Pas besoin de compte. L'adversaire n'abandonne jamais, et chaque erreur est expliquée.

Roi et deux pions contre roi

Win against perfect defense

Waking the engine…

La théorie

Deux pions liés en plus avec plus rien d'autre sur l'échiquier, c'est aussi gagné que possible aux échecs, et ça continue de produire des demi-points pour le défenseur à tous les niveaux. Les pertes du gain viennent de deux erreurs précises, et les deux s'évitent par la règle.

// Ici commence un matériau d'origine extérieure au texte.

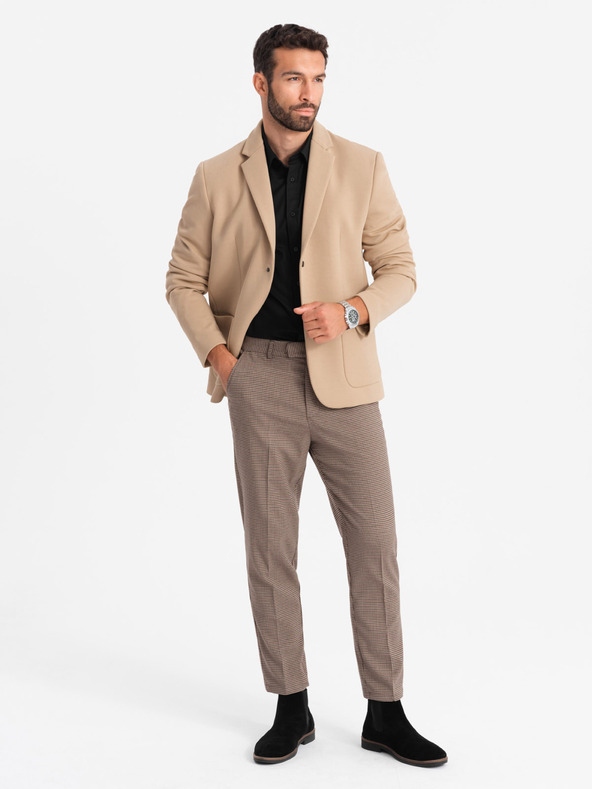 Ombre Clothing Pánska bunda s vysokým golierom a kapucňou svetlohnedá Ombre Oblečenie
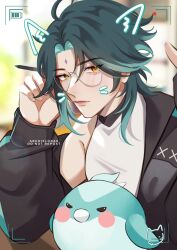 Rule 34 | 1other, alternate costume, archieloras, black jacket, bodysuit, closed mouth, doll, genshin impact, glasses, green hair, highres, jacket, long sleeves, male focus, multicolored hair, solo, stuffed animal, stuffed toy, white bodysuit, xiao (genshin impact), yellow eyes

La paire est plus forte que la somme. Des pions côte à côte contrôlent toute la rangée devant eux : quatre cases, aucun trou. Un roi défenseur ne peut se poster devant aucun des deux pions, il n'y a donc ni blocage ni forteresse possible. Avance-les ensemble et le défenseur est réduit à attendre. Envoie un pion sprinter seul en avant et tu crées une cible : le roi bloque le coureur, l'attaque, et soudain tu te retrouves dans une vraie finale.

Le coup de réserve tue l'opposition. Dans les finales de roi et un pion, l'opposition décide de tout. Avec deux pions, tout face-à-face se brise par un simple coup de pion : le trait revient au défenseur au pire moment, à chaque fois. C'est pourquoi cette finale demande de la technique, pas du calcul.

Le seul vrai danger est le pat dans la phase finale, quand le roi ennemi n'a plus d'échiquier. Avant les dernières poussées, jette un œil à ses coups légaux. Le défenseur façon table de finales de cet exercice foncera droit sur chaque coin de pat que tu laisses ouvert.